教師や学校がオンライン授業や動画配信を行うのは比較的簡単で、学校からの動画配信などは休校初期から行っていましたが、子どもたちから課題や成果物をオンラインで回収するのはセキュリティーの難易度が格段に上がります。いろんなツールを検討し学芸大学で使っているシステムを利用したりもしながら何とかセキュリティーの課題を乗り越え、はじめに、健康観察の記録の回収に取り組みました。やはり子どもたちのケアは最重要課題で養護教諭が率先してチャレンジしてくれた事は大きかったです。最終的には子どもたちからも動画を提出してもらうことができるようになりました。

動画は学校の中では見られないプライベートな一面を見ることもでき、リアルには会えない友達の姿を見るだけでも、子どもたちは笑顔と元気を取り戻した

今年は4月1日がすでに休校期間中で、とくに新入生は先生やクラスメートの顔も名前もわからない状況でしたので、動画提出の最初の取り組みは「自己紹介」でした。自分の得意な野球のシーンを動画で見せてくれたりするのですが、子どもたちが自分たちで工夫してつくった動画の情報量の多さに改めて驚きましたね。手書きの文章や絵などで伝えるよりも、はるかに多くのことが伝わると感じました。

ほかにも、作図の課題などを動画で提出してもらったのですが、動画にすると出来上がったものだけでなく途中過程も見られるようになるので、これまで見えなかった1人ひとりの子どもの理解度や技量を、教師がより詳細に把握できるという新しい気づきがありました。

ICT活用で子どもたちのやる気は格段にアップ

――学校再開後のICT活用はどうですか?

今はまだ1人1台の環境が整っていないため、学校再開後は通常授業に戻っていますが、休んでいる子がオンラインから授業に参加できる体制と、BYODによる動画での課題提出は継続しています。

例えば、コロナ禍で実施できない音楽の授業の「演奏」や、家庭科の「調理実習」などは、家でやってもらってその様子を動画で提出させています。スマホから簡単に撮影もアップロードもできるのですが、動画となると子どもたちがすごくやる気を出し、とてもクオリティーが高い動画が届くんですよね。栄養教諭の先生は、それらの動画を見て感動して泣いていらっしゃいました。

また、課題提出にICTを活用すると、子どもたち同士が簡単にお互いの提出物を見ることができるようになります。「友達のものが見られる」というのを子どもたちはすごく楽しみにしていて、自身の課題に取り組むモチベーションアップや、よい意味でのプレッシャーになっているようです。

学芸大附属校の教師は、いわば、教育のスペシャリストなので、ICTに頼らなくてもよい授業を提供できるという自負があったと思います。その結果、これまではICTを活用しようという意欲が起こりにくかったのかもしれません。

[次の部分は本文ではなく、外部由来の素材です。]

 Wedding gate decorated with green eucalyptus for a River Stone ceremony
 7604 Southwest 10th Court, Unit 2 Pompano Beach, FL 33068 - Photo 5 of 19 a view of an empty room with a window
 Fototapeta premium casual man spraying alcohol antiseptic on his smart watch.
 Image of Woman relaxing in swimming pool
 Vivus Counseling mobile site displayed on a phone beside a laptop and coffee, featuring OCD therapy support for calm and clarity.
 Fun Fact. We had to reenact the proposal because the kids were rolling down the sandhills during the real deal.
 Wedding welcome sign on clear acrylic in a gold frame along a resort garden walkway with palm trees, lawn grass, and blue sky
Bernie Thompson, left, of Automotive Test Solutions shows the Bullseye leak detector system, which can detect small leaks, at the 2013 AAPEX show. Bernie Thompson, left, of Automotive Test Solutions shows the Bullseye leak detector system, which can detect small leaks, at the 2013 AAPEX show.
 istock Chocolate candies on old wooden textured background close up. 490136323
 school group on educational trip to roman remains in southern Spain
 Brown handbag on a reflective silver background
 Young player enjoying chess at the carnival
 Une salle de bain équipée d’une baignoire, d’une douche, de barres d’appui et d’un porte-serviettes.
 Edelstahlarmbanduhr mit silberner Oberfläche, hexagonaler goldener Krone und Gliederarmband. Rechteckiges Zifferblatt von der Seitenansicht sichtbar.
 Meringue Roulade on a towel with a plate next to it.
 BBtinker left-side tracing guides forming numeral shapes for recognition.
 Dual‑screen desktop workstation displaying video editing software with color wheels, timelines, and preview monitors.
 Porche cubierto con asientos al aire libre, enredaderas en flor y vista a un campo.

ICTを活用すると「学びに向かう子どもの主体性が高まる」ということを実際に経験し、教師たちはICT活用に本気で向き合おうとするスイッチが入ったように感じます。また、学びの主体を子どもたちへ移していくということに対しても、これまで以上により強く意識するようになりました。

教師や保護者の方の中には、ICTに不慣れな方や子どもにまだ触れさせたくないという配慮をしている方もいます。しかし、コロナ禍で必要に迫られて実施したICTの教育活用によって、想像よりもよっぽど簡単にできることや、友達にオンラインで会いお互いの成果物を共有し合うことで子ども自身が元気になっていく様子を目の当たりにして、心配のあったご家庭もICTに対する意識が肯定的なものに変わったと感じます。

もしコロナ禍がなかったら、「黒板」という教師にとって鬼に金棒のようなツールを手放せず、教師が意図せずしてマウンティングを取ってしまう学びのスタイルは変えられなかったかもしれません。現在はBYODでの限定されたICT活用にとどまっていますが、ICTを活用して本気で教育改革に取り組む覚悟は固まったと思います。コロナ禍が、教師のマインドチェンジのきっかけになったと感じています。